Exercise aim: All the lines below should appear again unchanged, though their pictures should not.

Recorded information:

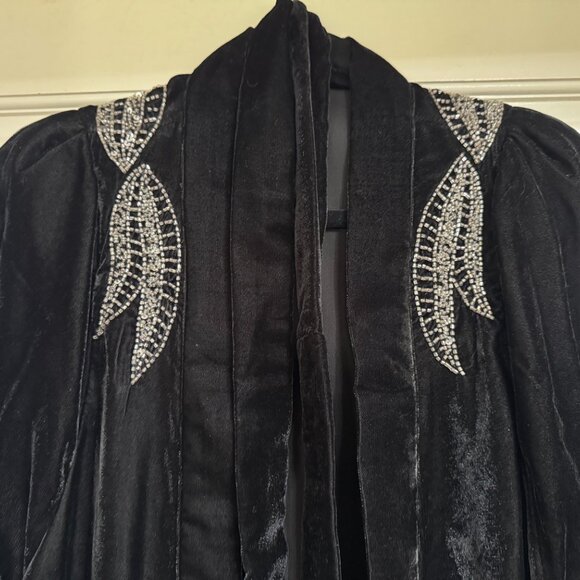 Beautiful DoDo Bar Or Black Velvet Jacket with Embroidered Beads & Sequins sz M - Picture 6 of 6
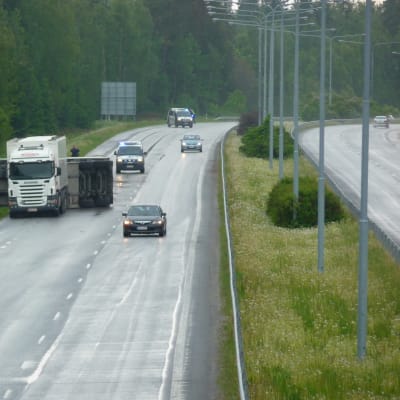 Långtradare i diket vid motorvägen i Vasa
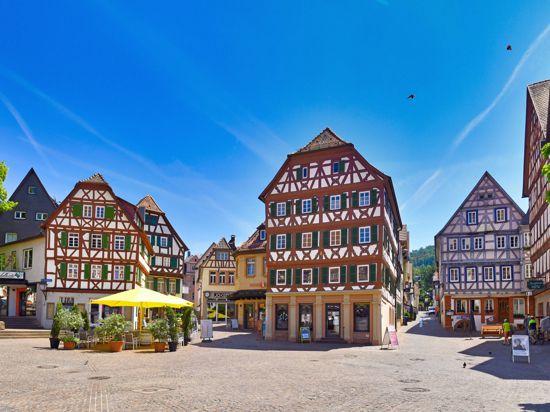 Marktplatz mit Fachwerkhaus in Mosbach, Deutschland im Odenald Mosbach, Germany - June 2021: Old market place with beautiful historic timber-framed houses on sunny day Copyright: xZoonar.com/Firnx zoonar_17384111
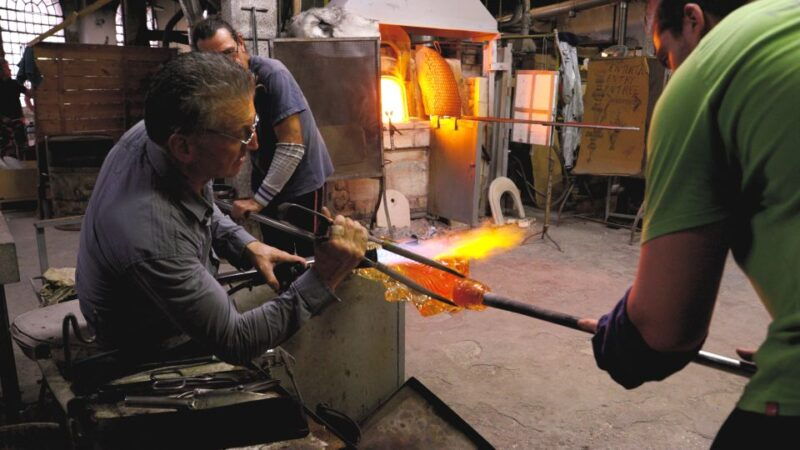 muranoburano-private-guided-tour-glass-blowing-experience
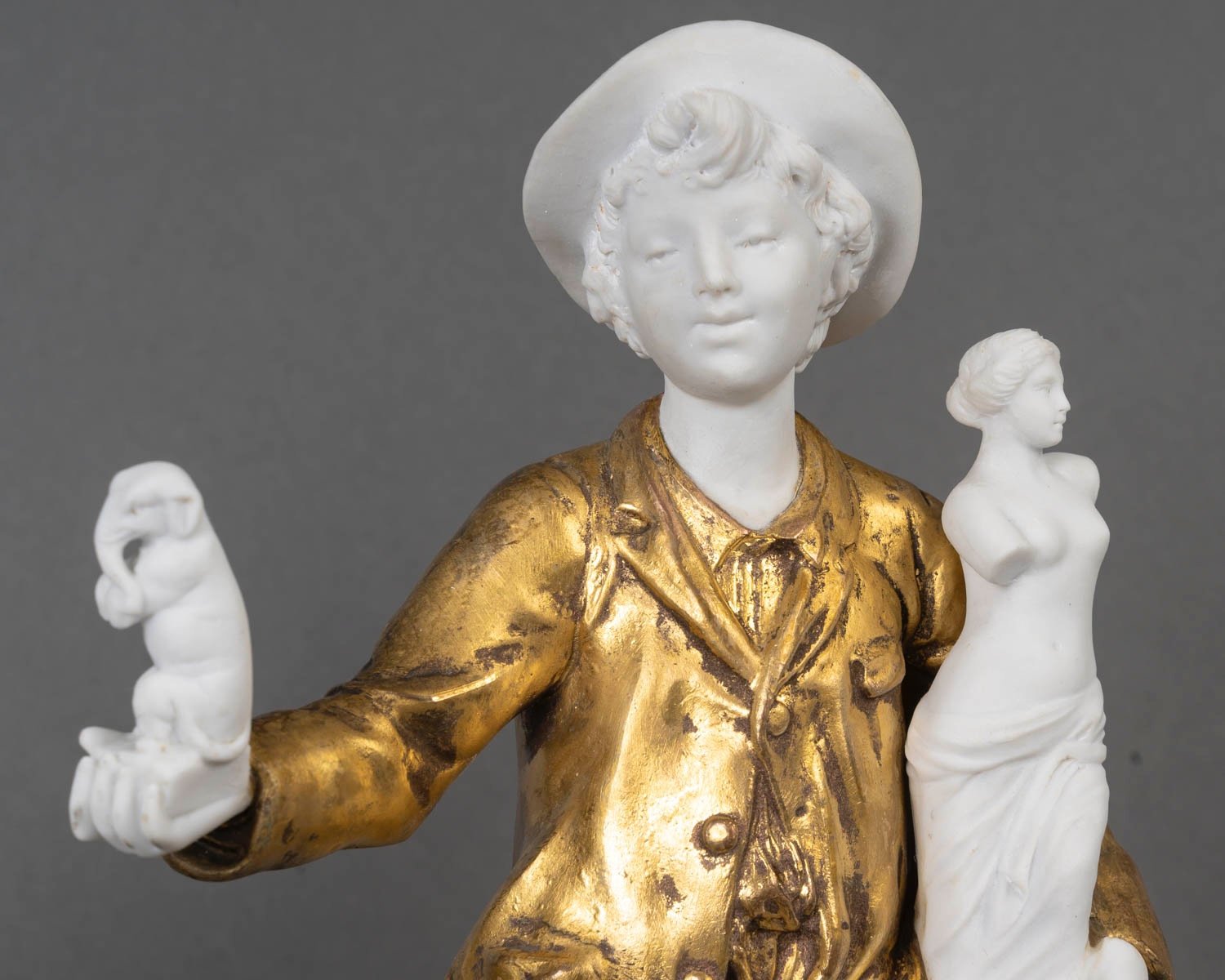Une paire de sculptures en régule et biscuit, époque fin du XIXe siècle — 16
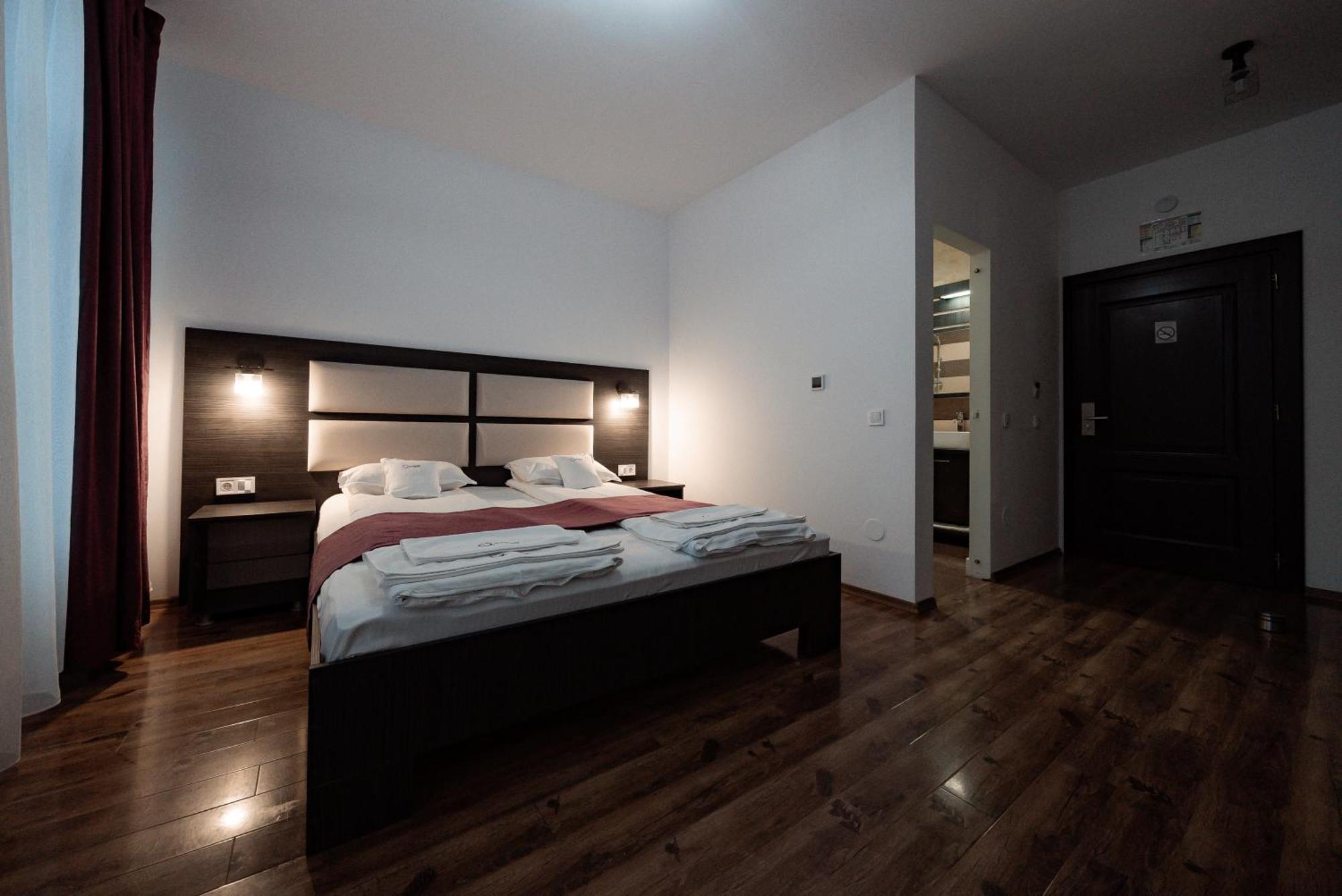 Quantum House Hotel Vatra Dornei Bagian luar foto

Answer area:
 Beautiful DoDo Bar Or Black Velvet Jacket with Embroidered Beads & Sequins sz M - Picture 6 of 6
 Långtradare i diket vid motorvägen i Vasa
 Marktplatz mit Fachwerkhaus in Mosbach, Deutschland im Odenald Mosbach, Germany - June 2021: Old market place with beautiful historic timber-framed houses on sunny day Copyright: xZoonar.com/Firnx zoonar_17384111
 muranoburano-private-guided-tour-glass-blowing-experience
Une paire de sculptures en régule et biscuit, époque fin du XIXe siècle — 16
 Quantum House Hotel Vatra Dornei Bagian luar foto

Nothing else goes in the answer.